Segment Open

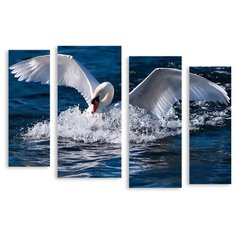 Модульная картина на холсте "Белый лебедь" 150x107 см Modulka.Ru
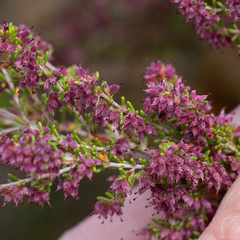 Erica puberuliflora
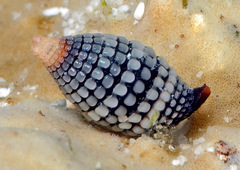 Cerithiopsidae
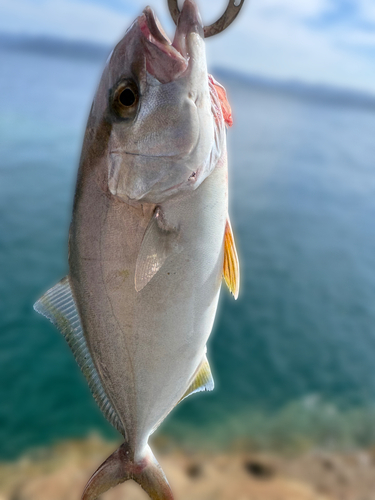 ネリゴの釣果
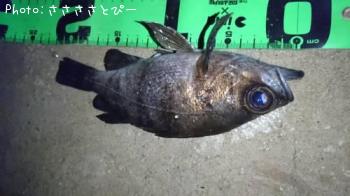 ��Х������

Segment Closed

◆ PROBLEM DESCRIPTION
Repeat the records word for word and drop any pictures.

◆ YOUR SOLUTION
 Модульная картина на холсте "Белый лебедь" 150x107 см Modulka.Ru
 Erica puberuliflora
 Cerithiopsidae
 ネリゴの釣果
 ��Х������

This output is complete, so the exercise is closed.